Here are some general tips I just wrote for friends. YMMV. HTH
1. Dont stess about cold calls. They are no big deal. Dont waste your time over preparing for class so you look good on the cold call. No one is actually paying attention to what you say. Try to keep your eye on the prize, which is the final exam.
2. Dont over contribute in class. No one likes that person. Theres a lot of material to get through, and usually when students comment or ask questions, it gets the lecture off track. The worst questions are hypothetics ("What if X..."). If the prof wanted to talk about a particular hypothetical, they will bring it up themself. Dont ask questions in the last 5 minutes of class, let the professor wrap everything up.
3. Find friends to study with, even if all you do is sit next to them in silence in the library. Reading and outlining all day can get really lonely really fast if youre on your own.
4. Its a competition. Almost everyone will be friendly, and at the very least civil, but at the end of the day everyone is competeing for the A. This is why having a close group of friends is so important. Kind of like survivor. People arent going to be freely handing out their outlines. Thats their work product; their playbook. No one wants to give their competition their playbook. It can get cliquey. Youll want to find friends that you can mutually benefit from. I had two friends in my section who I shared everything with (outlines, practice tests, notes, model answers). We would talk about the assignments in depth,answer each others questions, challange each other to do better, and encourage each other to keep working. We were each others best resources, and all definitely did better becasue of how much we were able to help each other.

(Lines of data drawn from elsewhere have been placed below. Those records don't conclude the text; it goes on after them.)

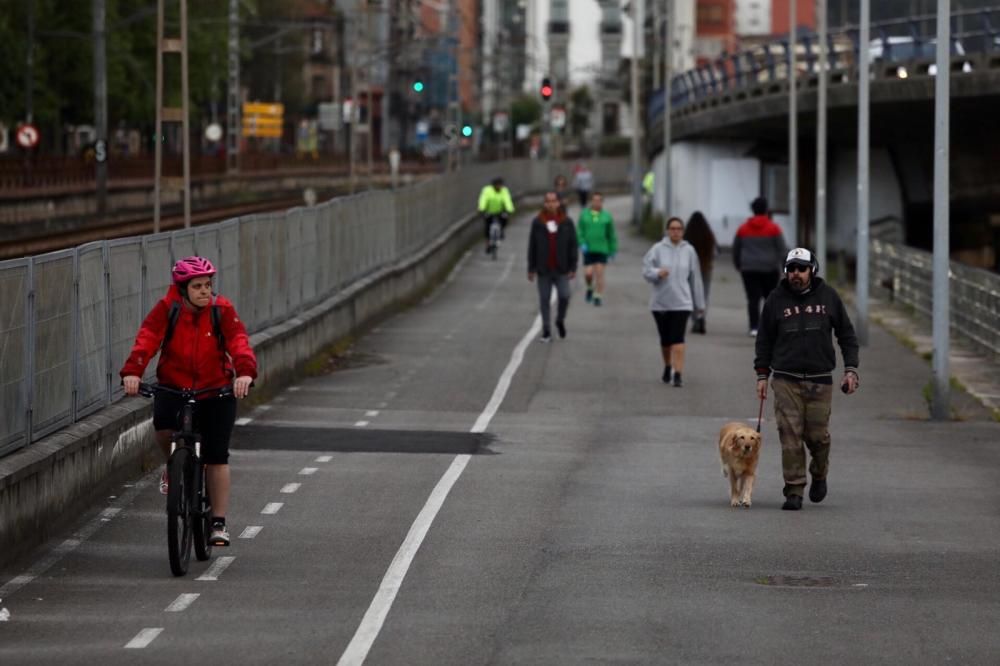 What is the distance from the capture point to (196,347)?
11.7 m

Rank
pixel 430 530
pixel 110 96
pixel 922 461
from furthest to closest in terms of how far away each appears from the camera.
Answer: pixel 110 96
pixel 922 461
pixel 430 530

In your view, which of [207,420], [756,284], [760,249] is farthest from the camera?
[756,284]

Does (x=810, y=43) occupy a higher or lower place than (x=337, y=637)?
higher

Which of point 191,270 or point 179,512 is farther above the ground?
point 191,270

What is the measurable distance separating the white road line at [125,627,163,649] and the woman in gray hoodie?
13104 millimetres

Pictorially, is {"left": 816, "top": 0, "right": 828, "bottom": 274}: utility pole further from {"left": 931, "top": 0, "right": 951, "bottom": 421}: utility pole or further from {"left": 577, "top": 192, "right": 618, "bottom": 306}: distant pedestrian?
{"left": 931, "top": 0, "right": 951, "bottom": 421}: utility pole

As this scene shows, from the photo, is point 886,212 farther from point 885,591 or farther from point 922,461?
point 885,591

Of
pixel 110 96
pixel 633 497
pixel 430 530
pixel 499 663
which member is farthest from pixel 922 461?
pixel 110 96

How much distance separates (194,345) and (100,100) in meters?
41.3

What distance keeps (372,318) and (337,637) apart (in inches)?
868

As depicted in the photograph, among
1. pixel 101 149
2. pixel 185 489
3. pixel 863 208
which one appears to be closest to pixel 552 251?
pixel 863 208

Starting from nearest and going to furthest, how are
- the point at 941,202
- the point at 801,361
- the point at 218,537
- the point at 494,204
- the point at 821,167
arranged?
1. the point at 218,537
2. the point at 801,361
3. the point at 941,202
4. the point at 821,167
5. the point at 494,204

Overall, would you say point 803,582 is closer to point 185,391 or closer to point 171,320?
point 185,391

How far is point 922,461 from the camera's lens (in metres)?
17.3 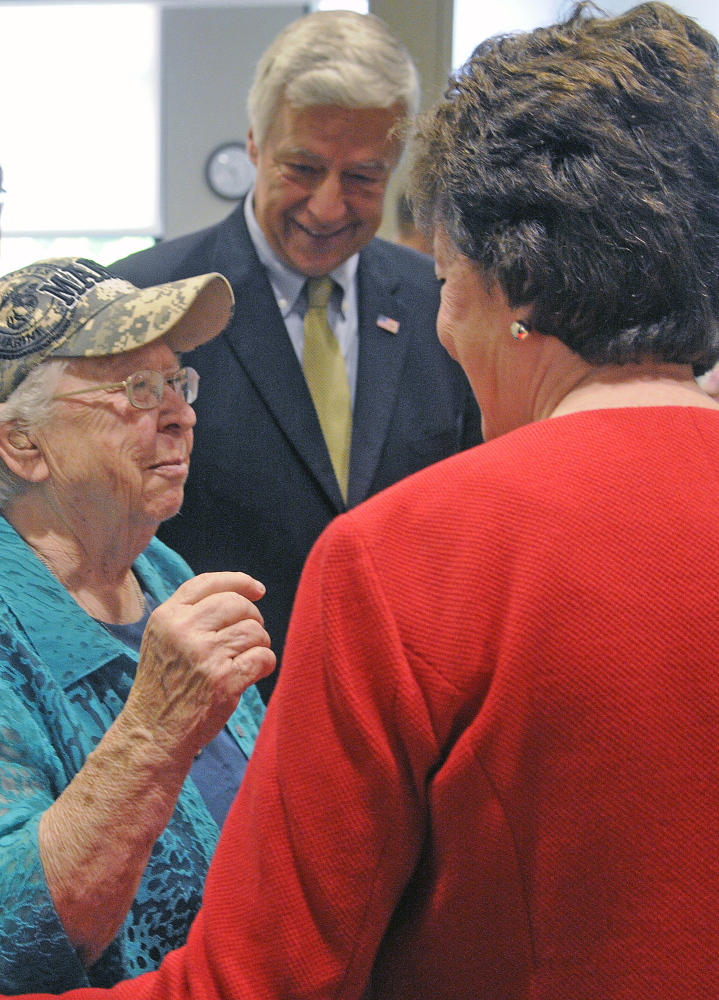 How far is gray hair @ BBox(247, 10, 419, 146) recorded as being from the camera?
6.80ft

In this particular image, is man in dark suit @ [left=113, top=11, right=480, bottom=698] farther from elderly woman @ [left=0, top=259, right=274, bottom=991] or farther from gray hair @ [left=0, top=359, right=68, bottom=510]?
gray hair @ [left=0, top=359, right=68, bottom=510]

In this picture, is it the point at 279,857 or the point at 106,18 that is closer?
the point at 279,857

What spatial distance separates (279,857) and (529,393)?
492mm

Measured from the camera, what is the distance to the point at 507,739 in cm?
78

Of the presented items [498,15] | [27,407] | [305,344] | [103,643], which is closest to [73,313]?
[27,407]

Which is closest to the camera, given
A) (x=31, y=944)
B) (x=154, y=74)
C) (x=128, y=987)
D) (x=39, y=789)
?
(x=128, y=987)

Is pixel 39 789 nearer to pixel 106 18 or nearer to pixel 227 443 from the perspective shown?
pixel 227 443

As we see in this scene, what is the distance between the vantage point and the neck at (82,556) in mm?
1503

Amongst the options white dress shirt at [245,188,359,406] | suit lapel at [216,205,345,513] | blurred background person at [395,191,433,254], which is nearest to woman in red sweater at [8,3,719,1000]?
suit lapel at [216,205,345,513]

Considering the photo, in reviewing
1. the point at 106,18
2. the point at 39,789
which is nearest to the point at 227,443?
the point at 39,789

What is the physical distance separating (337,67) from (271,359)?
0.59 m

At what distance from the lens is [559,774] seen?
2.57ft

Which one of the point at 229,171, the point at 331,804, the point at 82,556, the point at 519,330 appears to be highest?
the point at 519,330

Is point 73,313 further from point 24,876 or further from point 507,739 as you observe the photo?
point 507,739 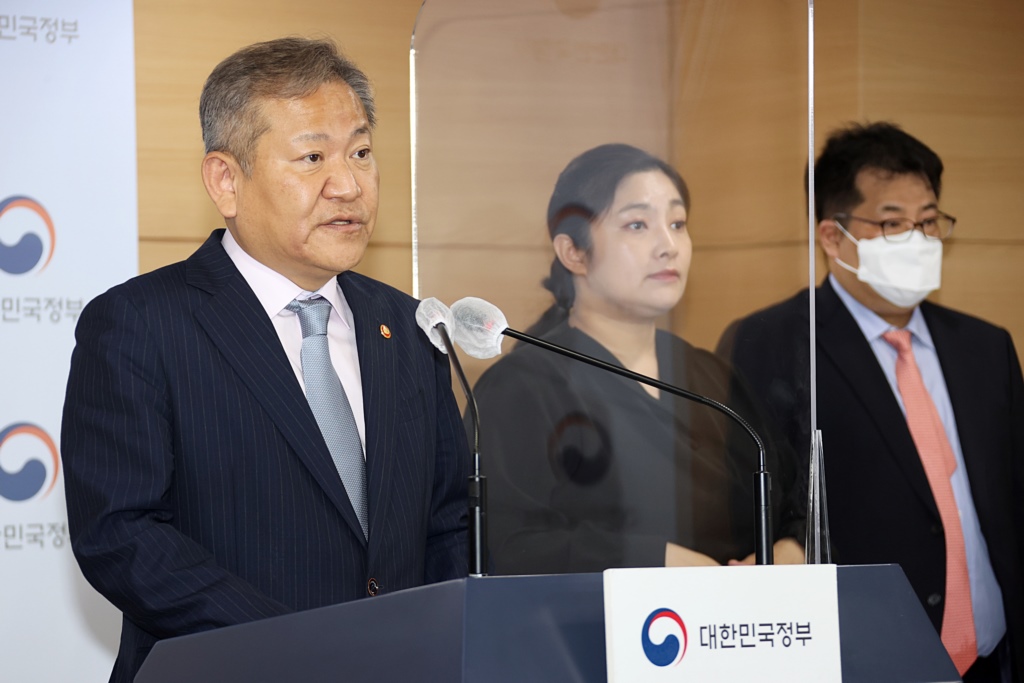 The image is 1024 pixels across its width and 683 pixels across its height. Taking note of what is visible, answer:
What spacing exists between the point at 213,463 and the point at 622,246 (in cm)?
109

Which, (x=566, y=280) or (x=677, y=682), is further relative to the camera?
(x=566, y=280)

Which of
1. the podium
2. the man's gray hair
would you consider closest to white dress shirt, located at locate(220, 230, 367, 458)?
the man's gray hair

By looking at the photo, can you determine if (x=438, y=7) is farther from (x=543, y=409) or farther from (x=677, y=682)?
(x=677, y=682)

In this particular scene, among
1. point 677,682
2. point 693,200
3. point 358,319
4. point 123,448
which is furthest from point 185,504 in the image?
point 693,200

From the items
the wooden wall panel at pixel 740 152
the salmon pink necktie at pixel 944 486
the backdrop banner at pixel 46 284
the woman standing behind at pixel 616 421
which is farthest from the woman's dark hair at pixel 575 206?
the salmon pink necktie at pixel 944 486

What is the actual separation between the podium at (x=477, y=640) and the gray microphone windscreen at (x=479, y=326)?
42 cm

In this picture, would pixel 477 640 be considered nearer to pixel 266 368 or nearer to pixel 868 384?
pixel 266 368

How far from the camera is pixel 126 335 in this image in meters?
1.69

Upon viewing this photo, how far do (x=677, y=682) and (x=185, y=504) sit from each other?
0.91 meters

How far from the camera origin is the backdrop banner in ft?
8.50

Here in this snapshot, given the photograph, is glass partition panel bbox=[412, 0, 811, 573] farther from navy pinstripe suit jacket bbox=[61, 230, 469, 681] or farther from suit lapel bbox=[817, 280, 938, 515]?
suit lapel bbox=[817, 280, 938, 515]

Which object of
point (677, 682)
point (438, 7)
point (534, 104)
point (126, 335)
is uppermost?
point (438, 7)

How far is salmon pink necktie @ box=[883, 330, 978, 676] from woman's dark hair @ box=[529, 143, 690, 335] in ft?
4.24

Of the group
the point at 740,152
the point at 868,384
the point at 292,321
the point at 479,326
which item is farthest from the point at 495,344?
the point at 868,384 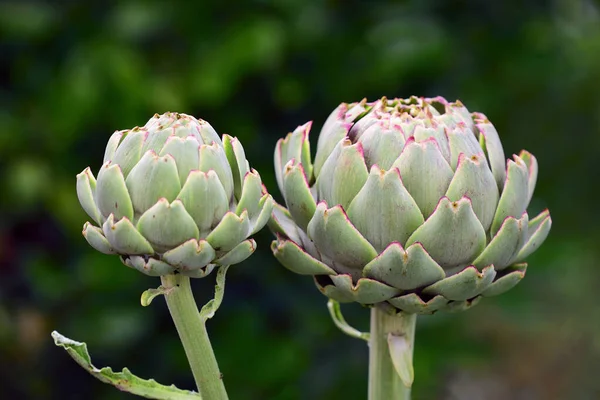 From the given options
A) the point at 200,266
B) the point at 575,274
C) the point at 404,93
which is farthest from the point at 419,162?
the point at 575,274

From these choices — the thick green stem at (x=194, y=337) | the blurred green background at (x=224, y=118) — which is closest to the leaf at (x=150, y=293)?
the thick green stem at (x=194, y=337)

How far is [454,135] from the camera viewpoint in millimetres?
653

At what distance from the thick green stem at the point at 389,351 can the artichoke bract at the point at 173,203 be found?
17 centimetres

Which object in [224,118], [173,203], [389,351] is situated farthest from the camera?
[224,118]

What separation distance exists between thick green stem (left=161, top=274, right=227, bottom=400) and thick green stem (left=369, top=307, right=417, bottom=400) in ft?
0.51

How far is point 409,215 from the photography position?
627 millimetres

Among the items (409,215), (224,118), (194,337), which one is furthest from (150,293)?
(224,118)

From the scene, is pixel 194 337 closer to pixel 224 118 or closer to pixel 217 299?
pixel 217 299

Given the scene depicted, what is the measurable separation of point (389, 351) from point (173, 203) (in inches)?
9.9

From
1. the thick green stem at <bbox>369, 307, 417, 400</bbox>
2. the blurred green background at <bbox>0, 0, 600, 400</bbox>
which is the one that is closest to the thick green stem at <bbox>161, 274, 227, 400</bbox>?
the thick green stem at <bbox>369, 307, 417, 400</bbox>

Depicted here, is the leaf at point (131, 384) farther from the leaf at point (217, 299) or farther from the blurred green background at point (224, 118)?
the blurred green background at point (224, 118)

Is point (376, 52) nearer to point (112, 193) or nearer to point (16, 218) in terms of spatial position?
point (16, 218)

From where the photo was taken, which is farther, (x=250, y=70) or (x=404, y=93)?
(x=404, y=93)

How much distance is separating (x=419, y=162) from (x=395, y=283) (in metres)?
0.09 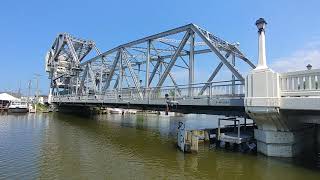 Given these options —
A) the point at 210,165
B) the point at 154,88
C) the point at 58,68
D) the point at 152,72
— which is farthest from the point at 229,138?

5. Everyone is going to be smart. Its kind of amazing actually; to be in a room with so many smart people. Some curves are very tight. For most people, to do well, theyll have to work really hard and be really efficent with their time. There are only so many hours in the day. There will be people who study 12 hours a day. Studying 70+ hours a week isnt necessary, but in order to out perform people that do, youll have to be super efficient.
6. Read ahead. its makes everything less daunting when you dont have to read for the next day, but instead you choose to read to stay ahead. Plus, youll reinforce the laws more, becasue youll read it, brief it, let it sink in, and then review it quickly again before class. I actually read and outlined all of property class by the end of week 4. This was a huge relief, which gave me time to reinforce the lessons several more times over than everyone else.
7. Read the lesson in a supplement after you read the lesson in the case book. If it wasnt in the casebook or lecture, ignore it. These are the ones I would recommend:
Torts: Emanuels
Contracts: Emanuels
Con Law: Chemerinsky
Civil Procedure: Glannons
Property: Understanding Prop, Gilberts
Crim: Dressler
8. Find out what kind of final youre going to have immediately and tailor your studying and preperation accordingly. Is it a 3 hour exam? 4 hour? 8 hour take home? Is it all essays? How many essays? what does a model answer look like for their exam? What scores points on their exam?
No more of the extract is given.